Text markup elements may take sets and classes as most other elements, and any of the remaining common FoLiA attributes may be freely associated with any of the text-markup elements.

As text markup operates in the scope of the text content element, it is ideally suited for untokenised text. You should, however, limit your usage of text markup elements and only use them when other existing annotation elements do not suffice, or for extra verbosity in addition to existing elements.

Each text-markup element, save for one exception, starts with <t- and demands a declaration. The following subsections will discuss the various text markup elements available.

Text markup elements may carry an optional identifier.
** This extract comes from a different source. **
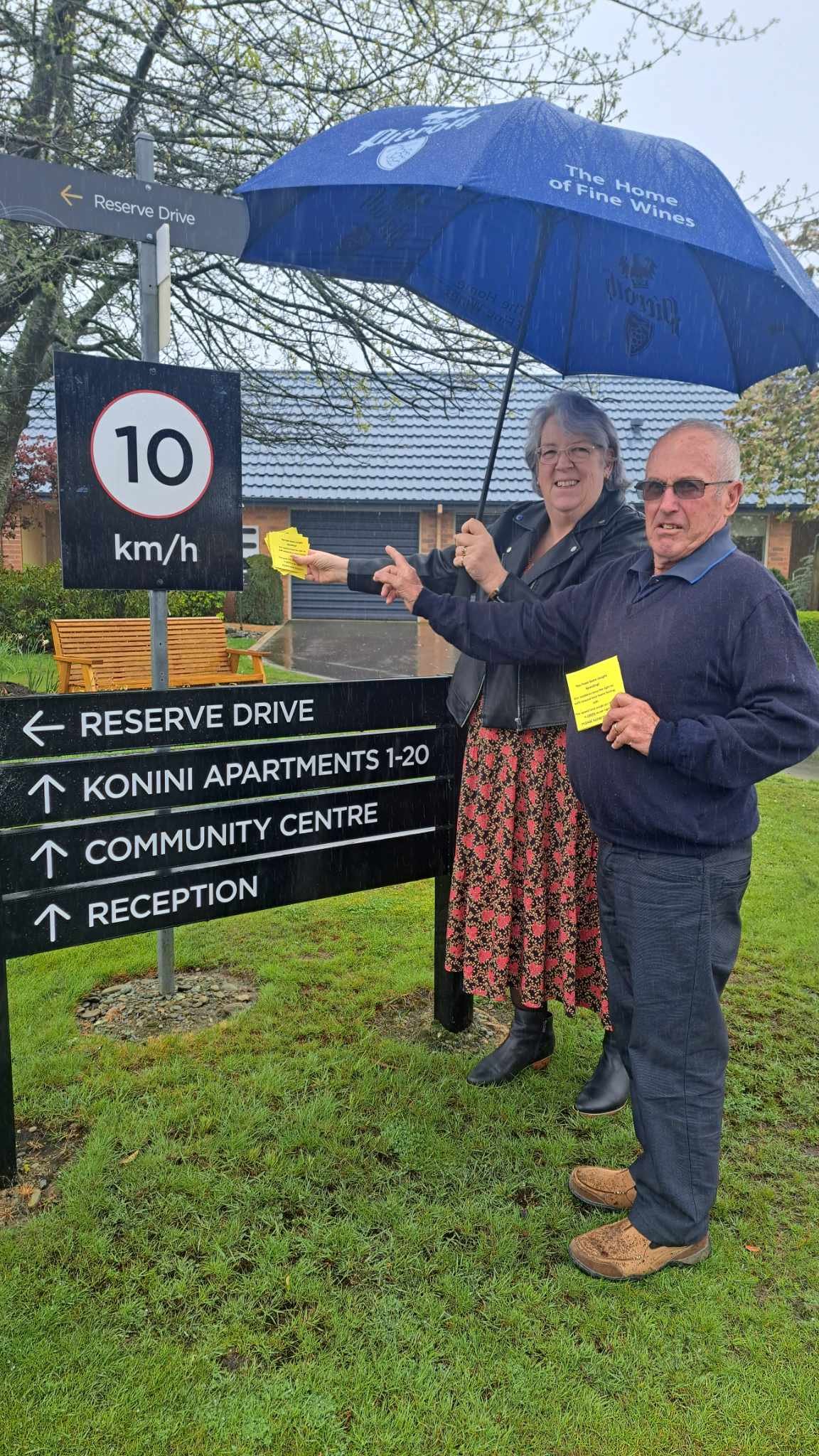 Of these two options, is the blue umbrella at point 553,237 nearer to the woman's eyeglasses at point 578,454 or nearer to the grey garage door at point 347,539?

However, it may happen that textual content is repeated on multiple levels (see Text Annotation), which implies the textual markup elements may also be repeated, but this is not a strict requirement. However, if that is the case, only one of them may carry the customary xml:id attribute; duplicates may carry the id reference attribute (in the FoLiA namespace instead of the XML namespace!) which is interpreted as a reference. Such an element should be identical to the one it refers to, and explicitly include the value (if applicable) to facilitate the job of XML parsers. Certain elements may also use this id reference attribute to refer to structural elements that cover the very same data. A markup element may thus take either xml:id or id (a reference to another element); they may never occur together.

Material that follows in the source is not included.